Project management is what turns ideas into finished products. It also provides a way of analyzing your process and finding out what works and what doesn’t. SMART Project Management is broken down into 10 steps spread out over 5 phases.
The substantiation phase involves investigating the central concepts of the idea and develops a recommended course of action. This involves assessing costs, potential risks, and potential benefits.
Step 1: Determine the project concept. Fully define your idea.
Step 2: Develop a business case for the project.
Step 3: Draft a project proposal.
The meditation phase is a time to review the project and flesh out the details. This is when the individual steps are determined as well as the broadest strokes of strategy.

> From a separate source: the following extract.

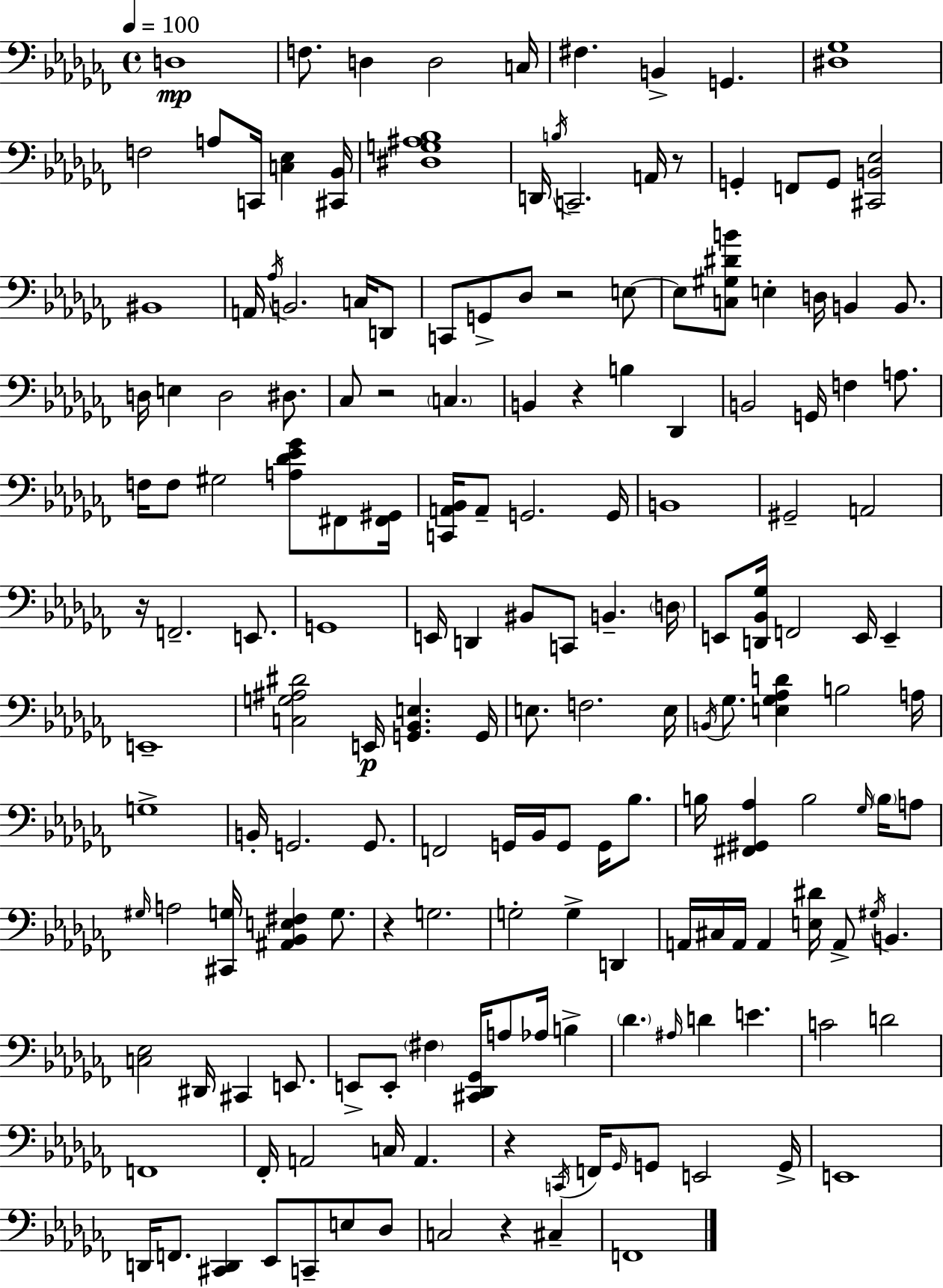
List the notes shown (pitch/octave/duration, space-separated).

Step 4: Draw out the project plan. Include milestones, or high-level projects. The high-level plan should also include major risks and a rough timeline. In a separate plan, set out team efforts, or mid-level projects. This should set out budgets and resource allocation for each team. It should also set out timelines for each team. The low-level plan should describe individual tasks, or low-level projects.
The activation phase lets your team know that it is time to begin the project. This is phase during which all team members formally assume their responsibilities.

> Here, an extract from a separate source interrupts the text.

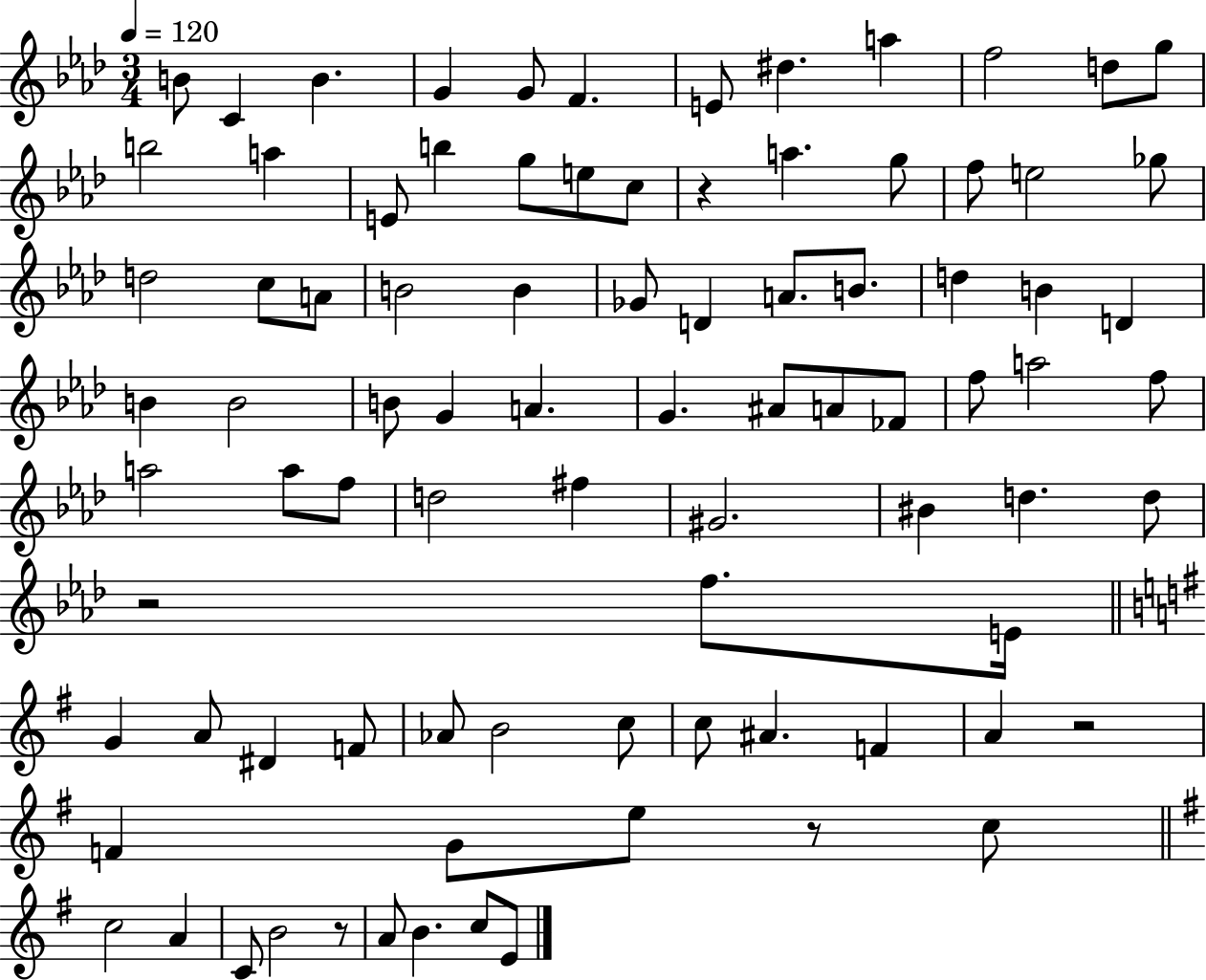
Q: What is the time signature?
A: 3/4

Step 5: Create and disseminate an opening report, which presents an overview of the project and introduces the team.
The regulation phase involves periodically assessing the status of the project and making changes as necessary.
Step 6: Put together a status report to update the stakeholders.
Step 7: Assess the project in terms of what revisions are necessary. If needed, create a revision summary as a reference.
Step 8: If the assessment determines that there is a need for a significant change to the scope or budget of the project, create an adjustment proposal and submit it.
The termination phase is the wrap-up phase.
Step 9: Assess the project as a whole. Create a project summary, which includes a summary of results and a baseline comparison.
Step 10: Create a trigger summary, which documents out-of-scope events. Use it to generate new projects or ideas.